Our last stop for the day was Buchenwald Memorial Concentration Camp. We received an audio tour and was given 40 minutes (which wasn't nearly enough). I walked around with a small group of people and there wasn't much talking. We all just kind of walked around in silence, and we all just kind of understood each other and there was no need for words. We walked around into the extensive infirmary which we thought was ironic because they had so much space for medical help but gave no one medical help. We spend more time walking around as a full group before going back into the bus.
We drove to the time of Weimar and had a buffet dinner at Hanz and Franz. It was a good way to end a difficult day.
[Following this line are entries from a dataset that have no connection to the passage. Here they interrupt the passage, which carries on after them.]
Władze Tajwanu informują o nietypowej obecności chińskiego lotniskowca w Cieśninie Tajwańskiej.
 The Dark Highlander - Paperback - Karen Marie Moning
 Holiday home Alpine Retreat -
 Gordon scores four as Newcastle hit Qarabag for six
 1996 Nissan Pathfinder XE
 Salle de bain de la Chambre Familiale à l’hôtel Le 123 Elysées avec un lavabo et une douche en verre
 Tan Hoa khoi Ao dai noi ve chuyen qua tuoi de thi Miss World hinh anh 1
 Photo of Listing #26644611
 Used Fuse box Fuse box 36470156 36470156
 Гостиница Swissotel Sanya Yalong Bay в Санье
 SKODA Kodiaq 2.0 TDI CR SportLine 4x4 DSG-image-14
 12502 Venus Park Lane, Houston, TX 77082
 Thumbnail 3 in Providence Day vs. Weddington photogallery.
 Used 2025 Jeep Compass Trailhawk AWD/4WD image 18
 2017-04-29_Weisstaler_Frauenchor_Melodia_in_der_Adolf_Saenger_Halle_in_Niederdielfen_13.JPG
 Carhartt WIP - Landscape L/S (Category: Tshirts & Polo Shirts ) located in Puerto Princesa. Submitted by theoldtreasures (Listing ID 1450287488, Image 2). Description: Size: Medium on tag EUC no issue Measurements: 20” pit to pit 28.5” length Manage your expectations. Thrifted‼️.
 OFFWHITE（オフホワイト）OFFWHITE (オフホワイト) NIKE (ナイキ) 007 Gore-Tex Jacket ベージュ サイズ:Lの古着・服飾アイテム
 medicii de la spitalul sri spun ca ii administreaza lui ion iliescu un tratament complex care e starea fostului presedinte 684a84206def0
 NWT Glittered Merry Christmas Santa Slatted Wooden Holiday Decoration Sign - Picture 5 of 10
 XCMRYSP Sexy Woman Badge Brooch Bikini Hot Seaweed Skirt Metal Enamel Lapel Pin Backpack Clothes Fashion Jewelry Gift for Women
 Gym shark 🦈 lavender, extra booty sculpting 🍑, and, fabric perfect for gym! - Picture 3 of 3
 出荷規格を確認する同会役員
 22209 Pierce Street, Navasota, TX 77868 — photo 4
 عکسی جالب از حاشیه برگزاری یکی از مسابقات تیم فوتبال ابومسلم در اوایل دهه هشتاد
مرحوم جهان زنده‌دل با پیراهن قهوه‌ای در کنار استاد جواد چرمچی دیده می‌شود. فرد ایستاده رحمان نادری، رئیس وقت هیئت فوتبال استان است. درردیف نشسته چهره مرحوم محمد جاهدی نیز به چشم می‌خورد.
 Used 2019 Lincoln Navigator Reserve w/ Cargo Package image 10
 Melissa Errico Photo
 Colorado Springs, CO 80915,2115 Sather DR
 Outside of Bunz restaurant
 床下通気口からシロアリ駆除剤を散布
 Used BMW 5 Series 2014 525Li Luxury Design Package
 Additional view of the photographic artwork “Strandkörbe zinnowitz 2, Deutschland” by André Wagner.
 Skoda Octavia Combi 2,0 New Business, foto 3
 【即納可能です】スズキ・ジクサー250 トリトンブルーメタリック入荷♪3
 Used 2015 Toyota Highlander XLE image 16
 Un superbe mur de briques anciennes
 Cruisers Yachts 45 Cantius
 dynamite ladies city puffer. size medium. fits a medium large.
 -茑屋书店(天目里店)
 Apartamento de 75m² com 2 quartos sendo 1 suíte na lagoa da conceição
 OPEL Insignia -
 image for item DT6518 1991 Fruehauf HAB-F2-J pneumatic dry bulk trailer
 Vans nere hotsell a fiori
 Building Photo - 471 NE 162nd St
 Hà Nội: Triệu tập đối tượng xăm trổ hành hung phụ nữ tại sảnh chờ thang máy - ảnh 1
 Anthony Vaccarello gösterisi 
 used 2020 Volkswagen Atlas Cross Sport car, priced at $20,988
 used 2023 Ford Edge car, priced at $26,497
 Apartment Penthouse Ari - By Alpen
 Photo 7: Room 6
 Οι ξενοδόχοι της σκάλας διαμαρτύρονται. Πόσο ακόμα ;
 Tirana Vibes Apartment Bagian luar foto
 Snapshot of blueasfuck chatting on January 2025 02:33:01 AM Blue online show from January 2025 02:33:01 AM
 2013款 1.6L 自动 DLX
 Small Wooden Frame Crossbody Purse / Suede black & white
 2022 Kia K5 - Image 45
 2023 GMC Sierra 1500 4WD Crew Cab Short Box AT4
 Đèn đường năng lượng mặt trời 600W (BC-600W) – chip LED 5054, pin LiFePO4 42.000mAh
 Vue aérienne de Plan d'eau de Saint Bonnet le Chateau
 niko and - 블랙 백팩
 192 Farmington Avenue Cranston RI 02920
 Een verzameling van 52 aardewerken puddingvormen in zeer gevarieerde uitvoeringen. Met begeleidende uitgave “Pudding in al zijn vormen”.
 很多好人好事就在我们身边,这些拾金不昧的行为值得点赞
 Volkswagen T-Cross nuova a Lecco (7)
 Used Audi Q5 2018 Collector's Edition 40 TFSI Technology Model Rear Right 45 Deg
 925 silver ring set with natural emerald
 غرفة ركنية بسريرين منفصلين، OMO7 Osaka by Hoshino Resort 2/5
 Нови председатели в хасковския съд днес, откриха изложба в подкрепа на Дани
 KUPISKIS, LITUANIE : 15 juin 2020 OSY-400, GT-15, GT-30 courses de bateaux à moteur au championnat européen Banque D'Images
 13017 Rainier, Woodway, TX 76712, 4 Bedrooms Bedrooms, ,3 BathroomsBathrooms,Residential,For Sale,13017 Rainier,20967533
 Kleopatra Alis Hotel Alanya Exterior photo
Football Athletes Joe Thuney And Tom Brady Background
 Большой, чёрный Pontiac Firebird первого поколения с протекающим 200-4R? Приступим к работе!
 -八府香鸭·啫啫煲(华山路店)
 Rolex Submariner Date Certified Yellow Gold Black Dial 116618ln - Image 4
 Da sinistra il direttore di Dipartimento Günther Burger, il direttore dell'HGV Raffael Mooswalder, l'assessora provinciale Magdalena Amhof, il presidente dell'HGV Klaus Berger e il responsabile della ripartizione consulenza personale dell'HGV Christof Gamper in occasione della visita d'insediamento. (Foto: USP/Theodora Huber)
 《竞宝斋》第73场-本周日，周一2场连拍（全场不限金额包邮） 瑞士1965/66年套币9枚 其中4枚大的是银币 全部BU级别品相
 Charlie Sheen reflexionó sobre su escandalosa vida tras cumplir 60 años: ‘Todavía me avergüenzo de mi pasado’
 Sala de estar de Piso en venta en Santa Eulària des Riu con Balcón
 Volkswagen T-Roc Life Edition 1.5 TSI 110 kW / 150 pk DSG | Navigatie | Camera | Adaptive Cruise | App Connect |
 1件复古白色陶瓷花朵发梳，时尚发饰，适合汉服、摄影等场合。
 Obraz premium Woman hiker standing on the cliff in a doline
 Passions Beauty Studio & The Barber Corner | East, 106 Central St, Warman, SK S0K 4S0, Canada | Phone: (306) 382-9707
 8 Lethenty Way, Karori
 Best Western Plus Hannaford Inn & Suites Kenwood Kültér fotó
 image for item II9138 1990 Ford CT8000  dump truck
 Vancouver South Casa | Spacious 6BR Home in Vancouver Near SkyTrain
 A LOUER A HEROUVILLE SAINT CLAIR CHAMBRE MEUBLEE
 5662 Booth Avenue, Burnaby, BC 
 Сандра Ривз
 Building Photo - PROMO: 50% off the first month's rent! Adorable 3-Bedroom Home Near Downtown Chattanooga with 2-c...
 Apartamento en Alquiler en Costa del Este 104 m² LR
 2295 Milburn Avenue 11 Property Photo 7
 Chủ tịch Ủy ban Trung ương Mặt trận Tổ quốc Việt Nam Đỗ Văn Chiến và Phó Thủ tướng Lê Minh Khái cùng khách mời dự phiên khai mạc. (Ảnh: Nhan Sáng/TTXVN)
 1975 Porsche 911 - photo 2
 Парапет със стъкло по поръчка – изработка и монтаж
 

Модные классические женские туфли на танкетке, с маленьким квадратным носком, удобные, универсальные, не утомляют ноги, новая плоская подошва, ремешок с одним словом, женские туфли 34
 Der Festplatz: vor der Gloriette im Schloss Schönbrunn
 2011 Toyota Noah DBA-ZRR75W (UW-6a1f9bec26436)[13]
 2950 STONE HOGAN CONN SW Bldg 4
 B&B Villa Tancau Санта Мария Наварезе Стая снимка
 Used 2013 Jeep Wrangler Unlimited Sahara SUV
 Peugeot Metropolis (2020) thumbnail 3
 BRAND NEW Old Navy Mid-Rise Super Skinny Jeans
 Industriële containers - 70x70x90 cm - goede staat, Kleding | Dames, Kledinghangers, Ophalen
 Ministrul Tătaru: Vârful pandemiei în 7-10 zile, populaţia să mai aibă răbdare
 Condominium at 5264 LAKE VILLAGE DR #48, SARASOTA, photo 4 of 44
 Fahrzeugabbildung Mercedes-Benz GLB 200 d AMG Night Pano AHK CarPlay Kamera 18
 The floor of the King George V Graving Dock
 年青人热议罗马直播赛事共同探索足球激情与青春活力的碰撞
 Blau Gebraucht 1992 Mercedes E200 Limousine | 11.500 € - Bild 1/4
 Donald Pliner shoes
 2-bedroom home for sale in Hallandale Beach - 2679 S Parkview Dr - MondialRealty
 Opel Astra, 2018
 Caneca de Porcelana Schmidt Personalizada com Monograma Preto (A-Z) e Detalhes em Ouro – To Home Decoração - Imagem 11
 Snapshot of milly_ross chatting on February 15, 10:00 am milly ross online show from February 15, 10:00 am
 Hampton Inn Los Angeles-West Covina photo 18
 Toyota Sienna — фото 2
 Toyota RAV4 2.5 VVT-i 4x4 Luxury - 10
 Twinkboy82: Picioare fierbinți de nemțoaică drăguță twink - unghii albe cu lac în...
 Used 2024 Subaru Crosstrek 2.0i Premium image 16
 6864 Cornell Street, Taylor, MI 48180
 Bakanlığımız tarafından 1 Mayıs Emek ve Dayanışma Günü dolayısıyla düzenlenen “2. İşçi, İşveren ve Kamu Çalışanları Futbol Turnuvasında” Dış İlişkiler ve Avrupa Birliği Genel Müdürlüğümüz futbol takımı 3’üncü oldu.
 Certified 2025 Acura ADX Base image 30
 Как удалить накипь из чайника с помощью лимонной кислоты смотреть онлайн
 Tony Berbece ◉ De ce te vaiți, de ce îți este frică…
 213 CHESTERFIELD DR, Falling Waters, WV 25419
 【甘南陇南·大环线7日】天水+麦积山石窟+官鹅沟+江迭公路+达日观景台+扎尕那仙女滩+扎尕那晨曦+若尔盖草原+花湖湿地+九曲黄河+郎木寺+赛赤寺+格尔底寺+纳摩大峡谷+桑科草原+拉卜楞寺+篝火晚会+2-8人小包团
"Bauhaus", more like "completely ordinary house". At least, that's what some people have been saying. However, those people are mere plebians. They lack a certain level of sophistication that is required in order to fully appreciate the architectural and artistic beauty of this historic landmark. I pity them. Bauhaus was, simply put... magnificent. The chairs- so screwless, the doors- so black, the floor- so smooth, the bau- so haus. Truly wonderful. It was enough to bring even the most solemn of teachers to tears. I had to take a few minutes to compose myself. Every minute detail in that building represented countless hours of careful and thoughtful deliberation. I think that Ms. Freeman summed up the Bauhaus the best when she very eloquently said "YEEEESEYEEESYESSSSSYEEEESEYEEES".
Though the Bauhaus was fun, the mood quickly took a somber turn when we got the the Bernburg Euthenasia Memorial. We learned about the way in which the disabled were forcibly euthenized during the Nazi era. I felt pretty sick when I was standing in the gas chamber. I felt dizzy. I didn't really know what to make of it exactly. I've never stood in a place like that. I could never fathom a reason why a place of that nature should ever have to exist. That's really all I have to say about that place.
After that we went to Buchenwald, a concentration camp in Germany. It wasn't a killing camp, but it was a labor camp. People would either die from starvation or they would die from exhaustion. Conditions in this camp were inhumane. When we went there today, there was hardly anything left there. If I hadn't know that it was a concentration camp, I would've thought that it was just a pile of rocks just what it looked like. It's so hard to imagine the horrors that took place within this gate. For the most part, we walked in silence. Nothing could be said. No words could be said to make it better. As someone who likes to talk a lot, I was shocked to find myself at a loss for words. The crematorium was sick and creepy. That's really all there is to say about it. I kept wondering how someone could justify such horrific actions, but I still had no words.
After all that we watched "The Sound of Music". It was awful. I wish the hills would shut up tbh.
That's really all I have to say about today.